When people feel hopeless and their outlook for the future seems bleak, it is only natural to become defensive and blame others who struggle just like us.

The growing strife and ethnic clashes taking place in Ethiopia are not happening in a vacuum; the loss of civility and the metastasizing grievances are borne out of frustration with the current state of our nation and memories of violations that have never been addressed.

During times of tribulation, the people who gain the largest audience are not the ones who preach of unity but those who incite animosity. There is a reason why tribal demagogues garner wide appeal while those who counsel compassion and solidarity are frequently relegated to the sidelines.

If you take a look back throughout history, some of the darkest moments of humanity occurred during times of national hardship. When people lack opportunity and feel their God given freedoms and pursuits of happiness are impeded, they withdraw inward and lash out in bitterness.

Such is the case in Ethiopia, where present desperation is compounded by historical injustices. Though I often speak against firebrands who leverage the pains of the marginalized for their own benefits, I try my best to not vilify the everyday Ethiopian who gets swept up in the emotions and becomes vindictive.

Though I encounter my challenges and life is far from perfect, I am mindful of the fact that the average Ethiopian back home deals with a lot more adversities than I do. Who am I to judge from afar when I don’t have to Who am I to judge from afar when I don’t have to negotiate between paying rent and putting food on the table for my family?

It is better if we take the time to listen instead of reacting with anger. Various communities throughout Ethiopia—I do not use the word tribe because that word was injected in our psyche by mercenaries— have felt the burden of exclusion, acknowledging these wounds does not mean we take responsibility for them.

Conversations lead to healing, instead of bashing each other about past transgressions and current discriminations, why not listen with open hearts with the aim of arriving at solutions? Though separatism is a path to ruin, we can’t force unity upon others without making sure that their voices are heard in the process.

There are many factions fighting to monopolize suffering in Ethiopia and beyond but the truth is that all of us have felt the agony of loss. Decades, if not centuries, of ordeals have ingrained in our hearts the tears of our forefathers and the dissonance of present circumstances. How many among us can say that they have not been mobbed by iniquities? Every family bears the torment of death, dispossession and displacement deep in their hearts.

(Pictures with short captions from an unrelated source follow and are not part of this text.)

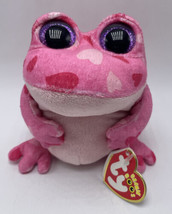 Ty Beanie Boos Smitten The Pink Frog 2014 Glitter Eyes - $17.99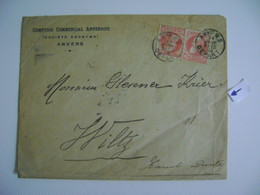 BELGIUM - ENVELOPE SENT FROM ANVERS TO WILTZ (LUXEMBOURG) WITH 2 STAMPS WITH PERFIN IN 1908 IN THE STATE - 1863-09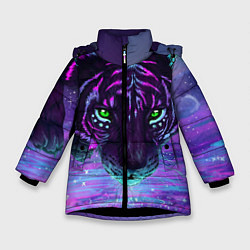 Куртка зимняя для девочки Неоновый тигр, цвет: 3D-черный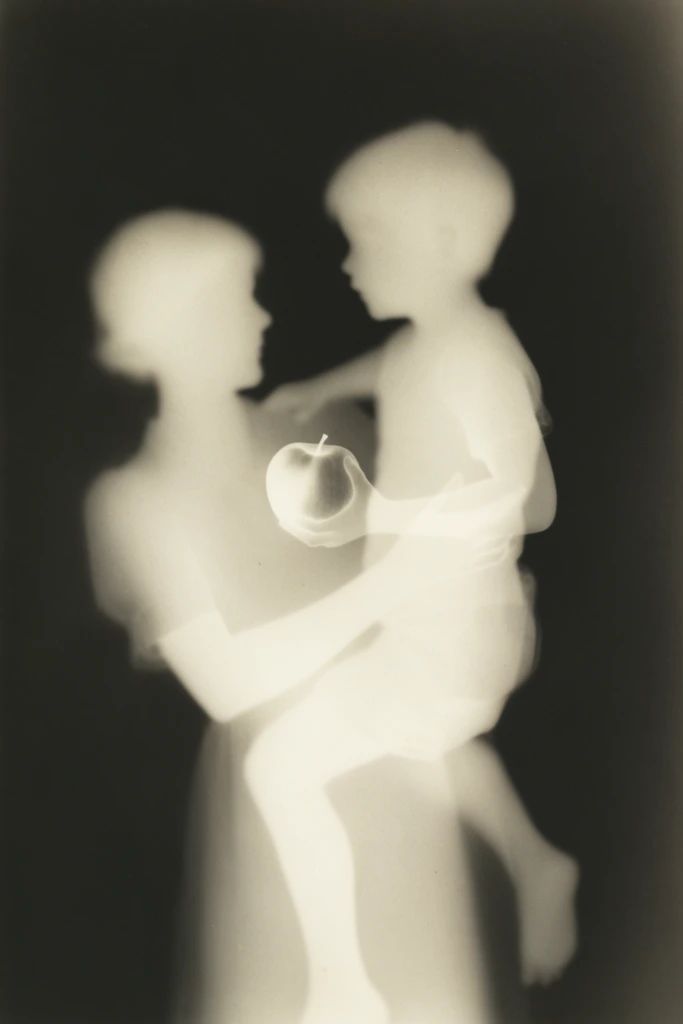 A glowing, ethereal photogram silhouette of a woman holding a boy and a piece of fruit against a deep, velvety charcoal-black background. The figures appear as semi-translucent, hazy, bone-white and pale cream forms possessing an x-ray-like quality characteristic of camera-less rayograph photography. The woman embraces the boy, with their overlapping bodies creating areas of denser, brighter white light where the exposures combine. The piece of fruit in her hand forms a distinct, softly luminous shape with gradient opacity. The edges of all three subjects are soft and slightly out of focus, bleeding gently into the surrounding dark void. The composition features a monochromatic, warm sepia-tinted grayscale color palette with a grainy, vintage photographic paper texture, utilizing high-contrast, ghostly lighting to define the interwoven shapes.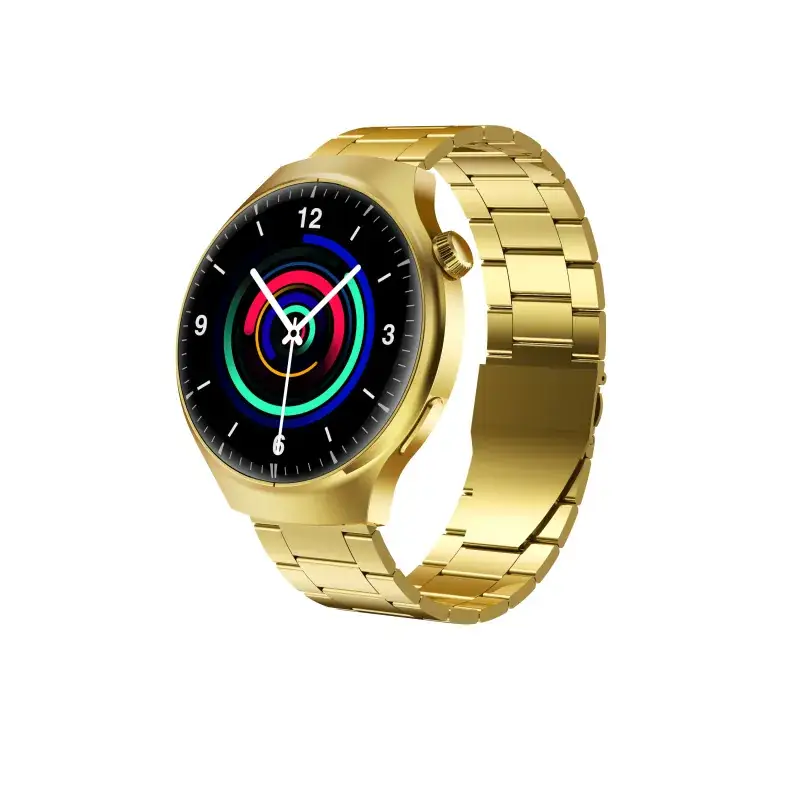 HiWatch Ultra GS Smart Watch Gold Leather Strap - Image 4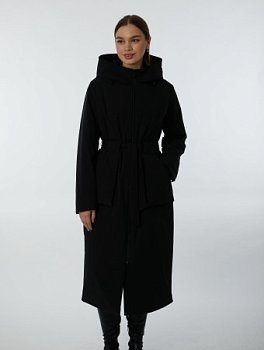 Пальто на синтепоне с капюшоном и поясом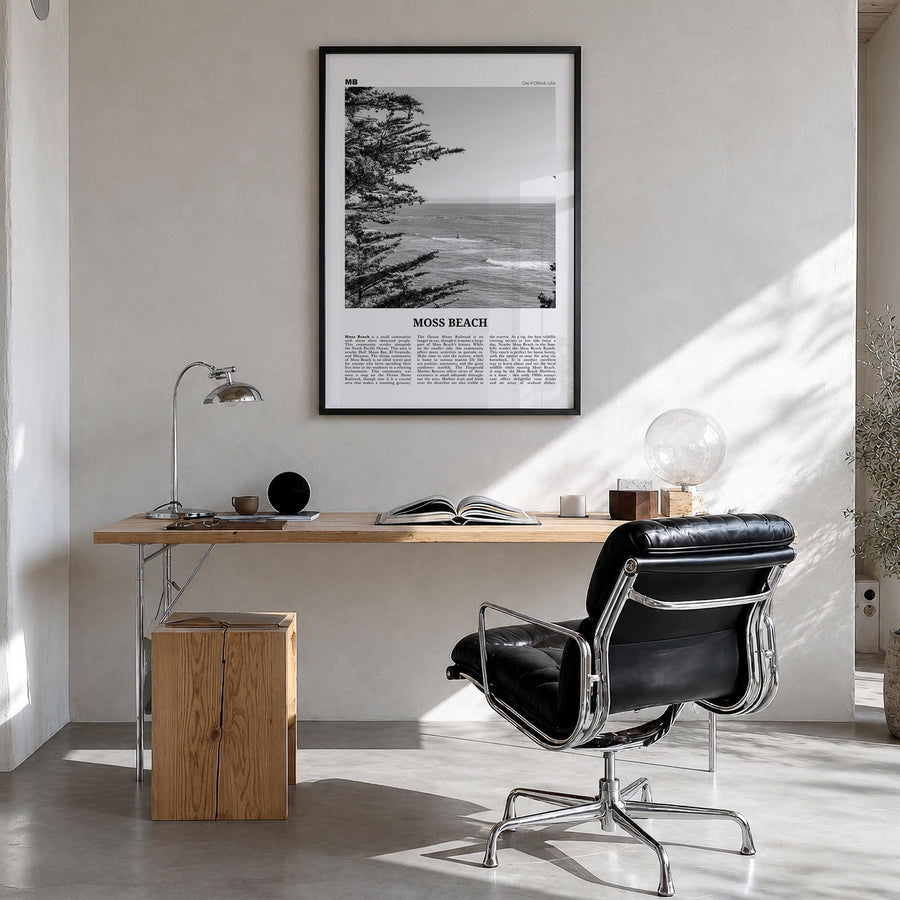 Moss Beach black & white newspaper poster of California, USA – vertical wall art in black wood frame, hanging on wall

In a lot of ways, the issues taking place back home and throughout the “diaspora” have nothing to do with politics and everything to do with emotional and spiritual division. Considering that a genocide of massive scale took place in Ethiopia less than fifty years ago, the fact that millions sought safety through exodus and the ones who remained endured another four decades of brutality and suppression, in all honesty it is a blessing that we have remained intact through all these upheavals.

Half a century of surviving must give way to the next paradigm of healing and thriving. Doing so requires us to have honest conversations with the aim of mending instead of yelling past each other to prove superiority. We must find the will within ourselves to resolve our differences and forge a path forward based on mutual respect and empathy. After all, the person who might have a different dialect or practices a different faith is human just like us and shares our struggles to create a better life and has the same hopes of providing for loved ones.

We are not each other’s enemy; in fact if we hope to bend the arc of our country towards justice, it will only be possible if we buy into the notion of collective healing. There is no way to arrive at peace and prosperity through self-centered pursuits, we will either all make it to greener pastures together or we will be in famine separately. Contrary to popular beliefs, it is not scarcity in Ethiopia that has impoverished our country but an inadequacy of imagination. The minute we realize the value of collaboration instead of competing over dirkosh is the minute we will rise once more as a nation.

Most social ills —from crime, burgeoning tribalism and compounding despair—are traceable to economic inequalities. Instead of fighting over politics and dying over ethnic conflict, we can all reap the benefits of cooperation when we start focusing on building industries and empowering Ethiopians without bias to identity. In our hands we hold both the locks to our prison and the keys to our redemption; we can either choose to keep bickering apart or we can work together for the sake of restoration.